Terms and conditions
1. General points
1.1. Unless otherwise agreed in writing between the parties, these General Terms and Conditions of Sale ("GTCS") shall apply to all offers, quotations and confirmations of orders, and to all contracts concluded between DELUXE CONCEPTS BV, whose registered office is at 8500 Kortrijk (Belgium), Vaartstraat 55, and which is registered with the Crossroads Bank for Enterprises under number 0607.825.259 ("Deluxe Concepts") and any professional buyer within the meaning of Article I.1.1 of the Belgian Code of Economic Law ("CEL") (hereinafter referred to as the "Buyer") on Deluxe Concepts' platform ("Webshop").
1.2. The GTCS shall be communicated to each Buyer prior to placing the first order with Deluxe Concepts, and at the same time as the transmission of the order summary established by Deluxe Concepts for the Buyer. By placing an order with Deluxe Concepts for the first time, the Buyer acknowledges that it has read these terms and conditions before placing the order, agrees with the content and application of these GTCS and with the language in which they were written and expressly waives the application of its own terms and conditions, even if these terms and conditions state that they are exclusively applicable.
1.3. The GTCS are understood to be applicable from the time of the conclusion of the first order by the Buyer, and from that time on also with respect to all subsequent orders placed by the Buyer with Deluxe Concepts.
1.4. The GTCS prevail over and exclude the application of any other document issued by the Buyer (such as, for example, its general terms of purchase or its other special terms and conditions, which the Buyer expressly waives even if they stipulate that they alone are valid), on any medium on which said terms and conditions may appear.

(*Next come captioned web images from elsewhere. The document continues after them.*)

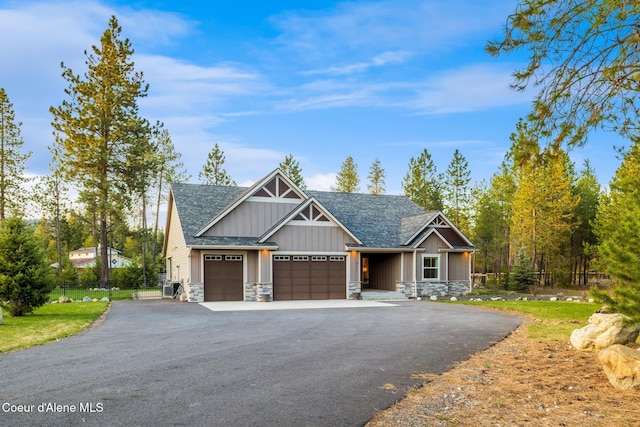 5867 W Sparrowhawk Dr, Rathdrum, ID 83858 - craftsman inspired home featuring aphalt driveway, fence, board and batten siding, stone siding, and a garage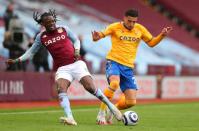 Aston Villa’s Bertrand Traore (left) and Everton’s Ben Godfrey battle for the ball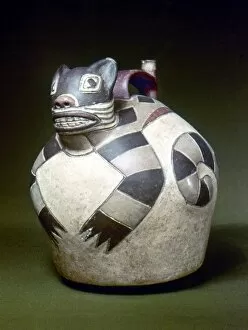 PERU: NAZCA WHISTLING JAR. Ceramic whistling water jar with a sculpted cat on the top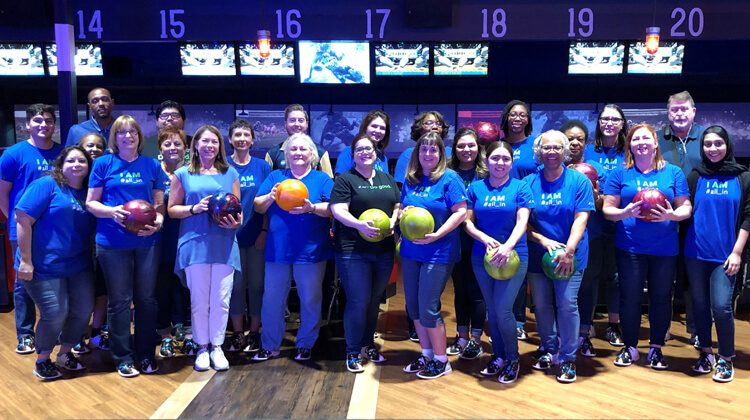 Texas Payment Center Goes Bowling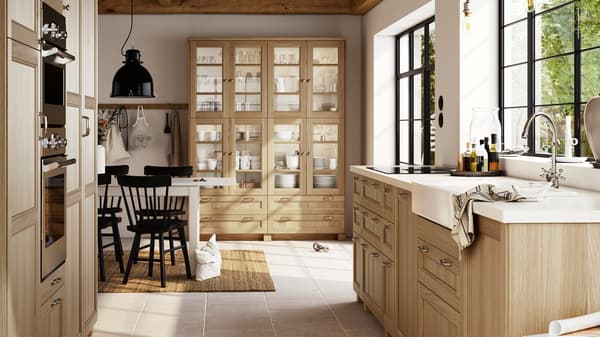 A large, bright kitchen with oak VEDHAMN fronts, including glass door cabinets filled with glassware and dinnerware.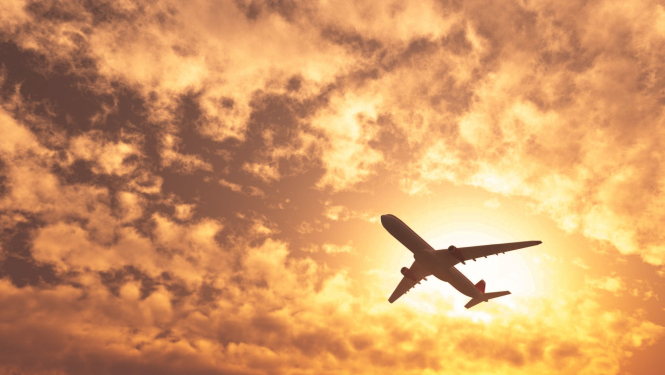 lidomašīna saulrieta mākoņos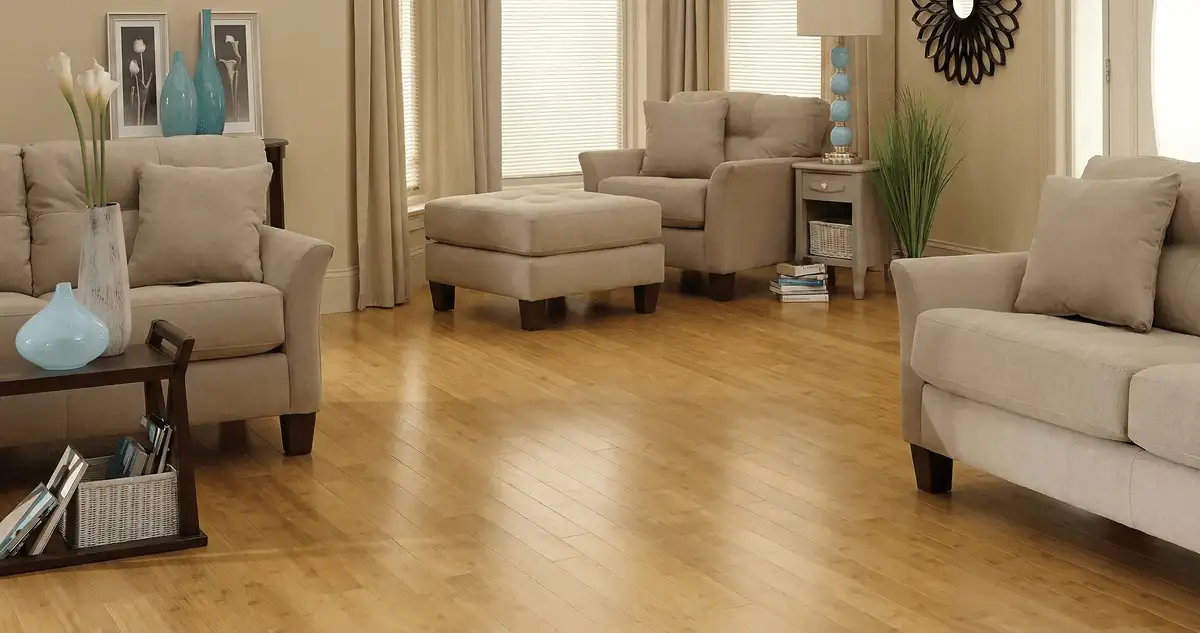 A living room with professionally installed bamboo flooring, beige sofas, a matching ottoman, a side table with a blue lamp, vases, framed pictures, and large windows with blinds and curtains in Lakewood, CO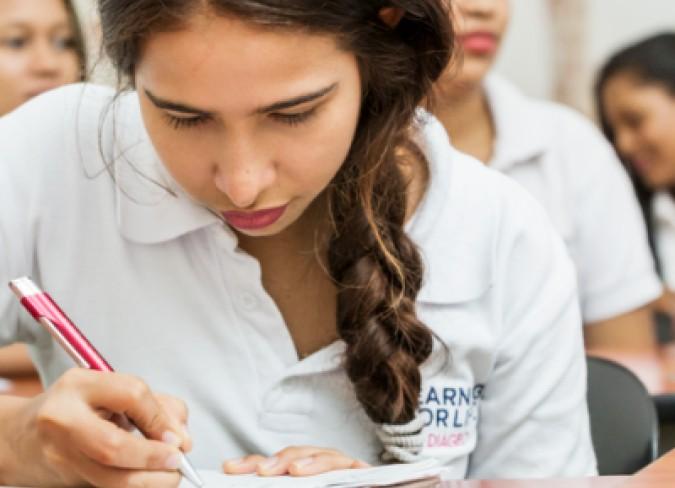 Girl in Learning Skills for Life™ shirt writing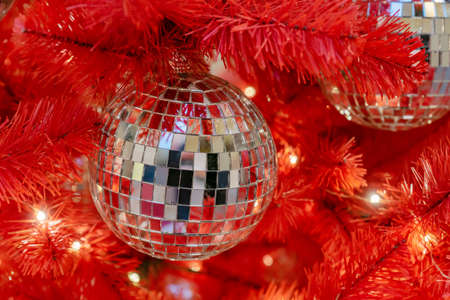 Silver disco ball on a red christmas tree. Festive new year backgroundの写真素材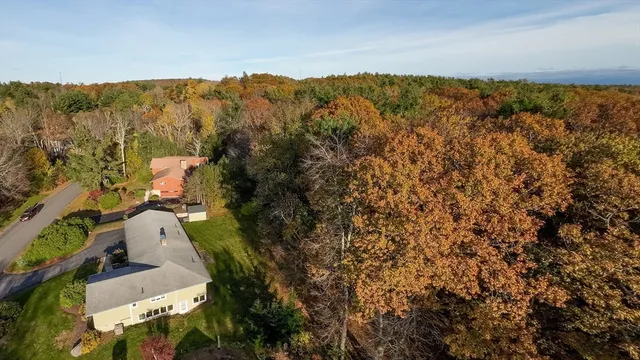 an aerial view of a house with a yard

1.5. Any reference by Deluxe Concepts to an order placed by the Buyer on which the Buyer's general terms and conditions may appear shall be deemed to be of a purely indicative nature and shall not call into question the agreement of the Buyer and Deluxe Concepts to the exclusive application of these General Terms and Conditions of Sale. Deluxe Concepts may amend these GTCS at any time, with the understanding that the amended GTCS shall apply to the first order placed after the notification of this new version of the GTCS to the Buyer, and to all future orders.
1.6. A failure by Deluxe Concepts to invoke any clause of these GTCS shall not be construed as a waiver of Deluxe Concepts’ right to benefit from such clause or the GTCS in their entirety. Any waiver by Deluxe Concepts of any provision of these GTCS shall only be considered if such waiver is made in writing by Deluxe Concepts.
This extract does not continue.